◆ PROBLEM REQUIREMENTS ◆
Please set the lines down again exactly, from the top of the entries through the line that contains "Wind turbines on field against sky".

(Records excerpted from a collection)
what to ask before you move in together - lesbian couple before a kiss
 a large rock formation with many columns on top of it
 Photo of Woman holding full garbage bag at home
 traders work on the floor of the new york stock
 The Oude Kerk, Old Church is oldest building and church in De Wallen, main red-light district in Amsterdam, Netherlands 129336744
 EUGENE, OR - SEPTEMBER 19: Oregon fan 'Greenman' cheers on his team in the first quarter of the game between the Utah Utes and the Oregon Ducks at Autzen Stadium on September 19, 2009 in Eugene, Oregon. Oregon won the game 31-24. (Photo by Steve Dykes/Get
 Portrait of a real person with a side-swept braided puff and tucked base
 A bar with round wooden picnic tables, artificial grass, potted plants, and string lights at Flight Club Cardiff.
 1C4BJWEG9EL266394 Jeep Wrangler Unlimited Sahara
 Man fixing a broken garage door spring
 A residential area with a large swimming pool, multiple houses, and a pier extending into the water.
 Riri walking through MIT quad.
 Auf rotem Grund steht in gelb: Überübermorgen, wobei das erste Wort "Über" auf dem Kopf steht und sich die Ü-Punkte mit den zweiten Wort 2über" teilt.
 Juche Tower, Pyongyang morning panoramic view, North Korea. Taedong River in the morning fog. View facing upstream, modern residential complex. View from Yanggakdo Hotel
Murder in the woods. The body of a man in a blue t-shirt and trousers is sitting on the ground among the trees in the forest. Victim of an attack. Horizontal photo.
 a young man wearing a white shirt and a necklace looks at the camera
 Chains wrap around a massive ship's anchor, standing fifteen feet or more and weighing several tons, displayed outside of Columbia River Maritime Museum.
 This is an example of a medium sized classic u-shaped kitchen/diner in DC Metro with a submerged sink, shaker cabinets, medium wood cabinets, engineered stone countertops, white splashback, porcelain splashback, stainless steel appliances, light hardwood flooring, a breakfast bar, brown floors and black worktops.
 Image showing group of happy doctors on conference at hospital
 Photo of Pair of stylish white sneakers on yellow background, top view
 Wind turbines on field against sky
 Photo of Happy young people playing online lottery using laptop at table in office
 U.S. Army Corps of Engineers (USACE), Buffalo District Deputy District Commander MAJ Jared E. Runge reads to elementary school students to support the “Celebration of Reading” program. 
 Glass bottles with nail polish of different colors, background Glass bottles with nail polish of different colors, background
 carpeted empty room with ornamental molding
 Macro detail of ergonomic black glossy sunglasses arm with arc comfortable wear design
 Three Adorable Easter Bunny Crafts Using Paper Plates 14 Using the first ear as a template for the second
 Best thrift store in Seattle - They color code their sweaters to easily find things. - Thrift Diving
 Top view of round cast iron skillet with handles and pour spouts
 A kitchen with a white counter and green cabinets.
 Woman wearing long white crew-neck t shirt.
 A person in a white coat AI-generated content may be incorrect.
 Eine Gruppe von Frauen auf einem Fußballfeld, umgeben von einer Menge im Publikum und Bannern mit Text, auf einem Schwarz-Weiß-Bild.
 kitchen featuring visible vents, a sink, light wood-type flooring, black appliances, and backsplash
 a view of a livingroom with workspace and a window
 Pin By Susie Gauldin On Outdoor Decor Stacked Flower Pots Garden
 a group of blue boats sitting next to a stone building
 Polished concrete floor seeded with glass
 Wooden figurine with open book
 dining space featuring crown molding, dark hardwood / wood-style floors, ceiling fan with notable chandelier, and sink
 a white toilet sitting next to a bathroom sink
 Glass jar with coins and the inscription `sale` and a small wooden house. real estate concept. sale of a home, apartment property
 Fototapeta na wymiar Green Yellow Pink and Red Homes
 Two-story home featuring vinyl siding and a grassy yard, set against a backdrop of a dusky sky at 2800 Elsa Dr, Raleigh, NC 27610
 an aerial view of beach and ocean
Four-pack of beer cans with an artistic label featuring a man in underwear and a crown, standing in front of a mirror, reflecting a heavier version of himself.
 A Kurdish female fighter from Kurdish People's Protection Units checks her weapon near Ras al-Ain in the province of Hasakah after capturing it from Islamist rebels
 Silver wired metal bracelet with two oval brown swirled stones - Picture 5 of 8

◆ PROBLEM SOLUTION ◆
what to ask before you move in together - lesbian couple before a kiss
 a large rock formation with many columns on top of it
 Photo of Woman holding full garbage bag at home
 traders work on the floor of the new york stock
 The Oude Kerk, Old Church is oldest building and church in De Wallen, main red-light district in Amsterdam, Netherlands 129336744
 EUGENE, OR - SEPTEMBER 19: Oregon fan 'Greenman' cheers on his team in the first quarter of the game between the Utah Utes and the Oregon Ducks at Autzen Stadium on September 19, 2009 in Eugene, Oregon. Oregon won the game 31-24. (Photo by Steve Dykes/Get
 Portrait of a real person with a side-swept braided puff and tucked base
 A bar with round wooden picnic tables, artificial grass, potted plants, and string lights at Flight Club Cardiff.
 1C4BJWEG9EL266394 Jeep Wrangler Unlimited Sahara
 Man fixing a broken garage door spring
 A residential area with a large swimming pool, multiple houses, and a pier extending into the water.
 Riri walking through MIT quad.
 Auf rotem Grund steht in gelb: Überübermorgen, wobei das erste Wort "Über" auf dem Kopf steht und sich die Ü-Punkte mit den zweiten Wort 2über" teilt.
 Juche Tower, Pyongyang morning panoramic view, North Korea. Taedong River in the morning fog. View facing upstream, modern residential complex. View from Yanggakdo Hotel
Murder in the woods. The body of a man in a blue t-shirt and trousers is sitting on the ground among the trees in the forest. Victim of an attack. Horizontal photo.
 a young man wearing a white shirt and a necklace looks at the camera
 Chains wrap around a massive ship's anchor, standing fifteen feet or more and weighing several tons, displayed outside of Columbia River Maritime Museum.
 This is an example of a medium sized classic u-shaped kitchen/diner in DC Metro with a submerged sink, shaker cabinets, medium wood cabinets, engineered stone countertops, white splashback, porcelain splashback, stainless steel appliances, light hardwood flooring, a breakfast bar, brown floors and black worktops.
 Image showing group of happy doctors on conference at hospital
 Photo of Pair of stylish white sneakers on yellow background, top view
 Wind turbines on field against sky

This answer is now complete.